If it were 2005, or even 2000, when Mr. Quick first arrived on a trip to build homes for the poor, eight American volunteers in Juárez would have been a welcome but customary sight.
Quick has made more than 40 visits to this city in 10 years. But his commitment now holds a new importance: Juárez suffers a reputation as the deadliest city in the world, with some reports counting 5,000 people killed since 2008. Many foreign volunteer groups have reduced their travel to this home of 1.3 million people, frightened away by accounts of public massacres and nightly executions.
The instability has exacerbated youth crime and poverty in Juárez and has left thousands exposed to extortionists – including, some say, police and soldiers who collude with criminal organizations.
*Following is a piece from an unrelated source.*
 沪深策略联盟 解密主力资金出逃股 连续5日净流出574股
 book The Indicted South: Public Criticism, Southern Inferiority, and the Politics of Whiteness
"It's clear that I have to do more here than build homes," Quick says. "These people need help now more than ever."
So Quick, from Springfield, Ill., travels to Juárez several times a year to develop the small ministry he incorporated in 2008, Amigos en Cristo. AEC offers spiritual and educational programs to residents while expanding its centerpiece, the Amistad Community Center, in the stark Anapra area on the city's western outskirts.
In a quiet voice, Quick concedes he's an odd match for his work. In Illinois, he works as a financial adviser. He jokes that he's clumsy with tools and that the energy of children can unsettle him. He knows only a few words of Spanish.
But by drawing on volunteers from Cherry Hills Baptist Church in Springfield and working with a staff of Juárez locals, Quick maintains a helpful presence motivated by his deep Christian beliefs.
"God has chosen to use me as I am," he says. "I've got friends who have hobbies to fill their spare time; I go to Mexico."
"In 10 years, Jerry has recruited over 230 different people who have made at least one trip to Juárez," says Gary Nelsen, chairman of the mission team at Cherry Hills. "He is so modest, but he is the one who has gotten people excited about going down there."